> **TASK DIRECTIONS**:
Check each line of the records below for the word "Metal" and give the number of lines that have it, with nothing added.

> **SUPPLIED MATERIAL**:

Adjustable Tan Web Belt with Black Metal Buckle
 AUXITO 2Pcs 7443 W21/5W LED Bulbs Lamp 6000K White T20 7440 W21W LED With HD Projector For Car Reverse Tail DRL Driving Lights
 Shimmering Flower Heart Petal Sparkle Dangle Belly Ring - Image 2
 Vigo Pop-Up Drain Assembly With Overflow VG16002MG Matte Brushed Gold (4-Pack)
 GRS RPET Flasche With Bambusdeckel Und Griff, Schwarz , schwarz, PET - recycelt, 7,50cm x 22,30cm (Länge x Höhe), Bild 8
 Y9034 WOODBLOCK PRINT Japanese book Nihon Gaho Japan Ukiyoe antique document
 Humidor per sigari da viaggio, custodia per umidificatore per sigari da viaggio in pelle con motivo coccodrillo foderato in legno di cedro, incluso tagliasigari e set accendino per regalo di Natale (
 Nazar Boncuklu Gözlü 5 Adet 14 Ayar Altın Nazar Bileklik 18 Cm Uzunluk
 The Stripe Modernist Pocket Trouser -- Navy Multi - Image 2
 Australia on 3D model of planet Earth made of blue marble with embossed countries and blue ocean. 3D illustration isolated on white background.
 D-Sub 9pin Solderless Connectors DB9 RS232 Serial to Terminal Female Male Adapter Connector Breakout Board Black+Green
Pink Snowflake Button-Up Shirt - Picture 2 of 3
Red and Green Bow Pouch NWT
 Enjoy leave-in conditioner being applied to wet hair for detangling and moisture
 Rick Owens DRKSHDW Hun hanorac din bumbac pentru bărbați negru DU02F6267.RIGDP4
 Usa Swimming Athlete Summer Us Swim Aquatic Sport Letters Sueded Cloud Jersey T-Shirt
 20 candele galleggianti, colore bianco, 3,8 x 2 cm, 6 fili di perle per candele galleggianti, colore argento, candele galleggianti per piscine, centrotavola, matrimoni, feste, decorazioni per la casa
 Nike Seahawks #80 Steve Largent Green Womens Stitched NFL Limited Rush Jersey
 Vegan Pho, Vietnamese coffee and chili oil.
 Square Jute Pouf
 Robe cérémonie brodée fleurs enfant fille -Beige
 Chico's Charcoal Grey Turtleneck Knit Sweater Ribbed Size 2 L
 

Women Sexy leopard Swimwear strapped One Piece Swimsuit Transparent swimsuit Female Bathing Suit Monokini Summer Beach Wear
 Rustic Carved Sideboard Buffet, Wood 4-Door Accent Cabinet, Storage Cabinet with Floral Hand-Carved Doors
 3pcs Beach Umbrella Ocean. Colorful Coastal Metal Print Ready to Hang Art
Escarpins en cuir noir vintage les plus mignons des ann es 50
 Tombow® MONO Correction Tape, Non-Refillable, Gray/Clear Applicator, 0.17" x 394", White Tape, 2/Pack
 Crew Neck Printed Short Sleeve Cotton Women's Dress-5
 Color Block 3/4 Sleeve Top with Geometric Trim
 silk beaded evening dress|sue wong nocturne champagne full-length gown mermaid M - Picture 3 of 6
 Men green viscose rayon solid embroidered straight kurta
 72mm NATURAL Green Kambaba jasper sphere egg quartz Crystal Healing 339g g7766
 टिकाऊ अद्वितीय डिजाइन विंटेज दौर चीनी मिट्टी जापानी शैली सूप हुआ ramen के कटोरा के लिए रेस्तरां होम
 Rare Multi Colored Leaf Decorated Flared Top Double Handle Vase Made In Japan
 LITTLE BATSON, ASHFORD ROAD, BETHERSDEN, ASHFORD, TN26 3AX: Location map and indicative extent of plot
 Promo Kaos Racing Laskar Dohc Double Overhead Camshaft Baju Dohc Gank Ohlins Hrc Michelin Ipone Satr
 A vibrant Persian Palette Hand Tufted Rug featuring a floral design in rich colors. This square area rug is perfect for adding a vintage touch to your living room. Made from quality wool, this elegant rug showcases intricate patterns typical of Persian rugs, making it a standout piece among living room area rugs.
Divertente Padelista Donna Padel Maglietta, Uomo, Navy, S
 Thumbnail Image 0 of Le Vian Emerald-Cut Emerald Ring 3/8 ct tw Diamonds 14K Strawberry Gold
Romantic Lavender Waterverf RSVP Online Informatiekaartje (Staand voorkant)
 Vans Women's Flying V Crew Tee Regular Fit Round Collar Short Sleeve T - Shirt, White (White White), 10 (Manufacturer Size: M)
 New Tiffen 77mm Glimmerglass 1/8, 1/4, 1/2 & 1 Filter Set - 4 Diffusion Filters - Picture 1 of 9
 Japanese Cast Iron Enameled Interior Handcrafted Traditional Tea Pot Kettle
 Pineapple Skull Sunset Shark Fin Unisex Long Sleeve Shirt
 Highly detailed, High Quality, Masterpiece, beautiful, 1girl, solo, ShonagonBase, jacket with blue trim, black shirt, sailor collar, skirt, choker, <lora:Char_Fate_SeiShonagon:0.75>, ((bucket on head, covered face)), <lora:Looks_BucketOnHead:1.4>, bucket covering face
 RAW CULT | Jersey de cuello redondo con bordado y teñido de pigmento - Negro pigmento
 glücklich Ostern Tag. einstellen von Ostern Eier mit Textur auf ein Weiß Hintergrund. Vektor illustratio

> **TASK RESPONSE**:
2